Beginning with the first line, return the material verbatim and without pictures.

◆ Recorded data:
* * * * * * * * *

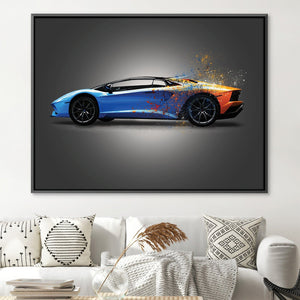 Speed and Color Canvas Art Clock Canvas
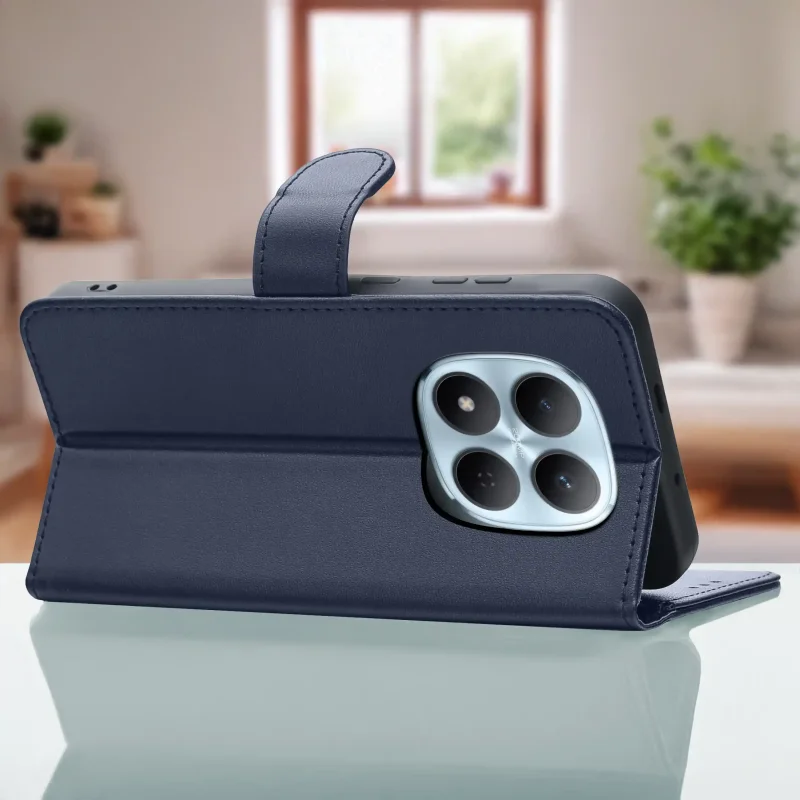 Granatowe skórzane etui z klapką Xiaomi Redmi Note 15 Pro+ Plus 5G z funkcją stojaka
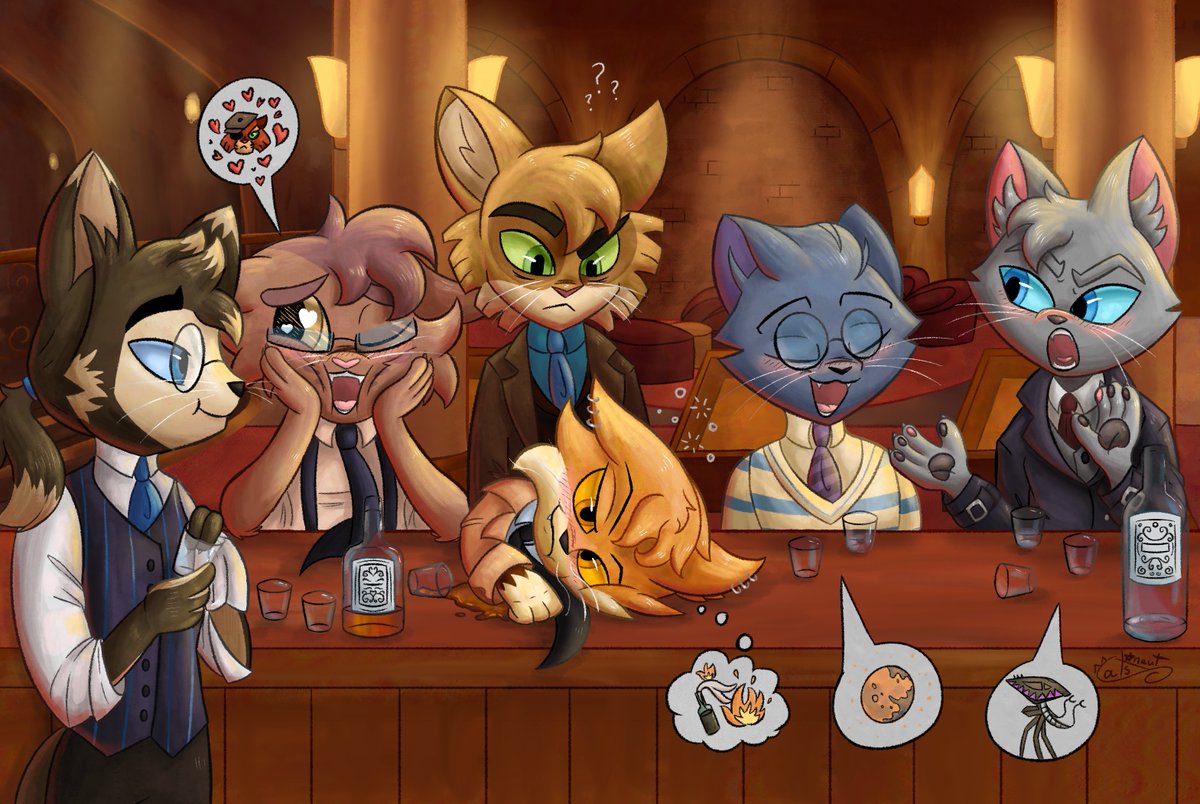 Big speakeasy oc artpiece for <a href="/JakeeWhyy/">WhyyJakee</a>, <a href="/ZenHungryma/">Zen</a>, <a href="/DeadShot31507/">Duke Zielinski</a>, @RFinSpace, <a href="/CommanderThor13/">Jacob</a>, and <a href="/Battlefield1011/">BATTLEFIELD 101 🇺🇦</a>.

#lackadaisy #lackadaisyOC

* * * * * * * * *

◆ Result:
 Speed and Color Canvas Art Clock Canvas
 Granatowe skórzane etui z klapką Xiaomi Redmi Note 15 Pro+ Plus 5G z funkcją stojaka
 Big speakeasy oc artpiece for <a href="/JakeeWhyy/">WhyyJakee</a>, <a href="/ZenHungryma/">Zen</a>, <a href="/DeadShot31507/">Duke Zielinski</a>, @RFinSpace, <a href="/CommanderThor13/">Jacob</a>, and <a href="/Battlefield1011/">BATTLEFIELD 101 🇺🇦</a>.

#lackadaisy #lackadaisyOC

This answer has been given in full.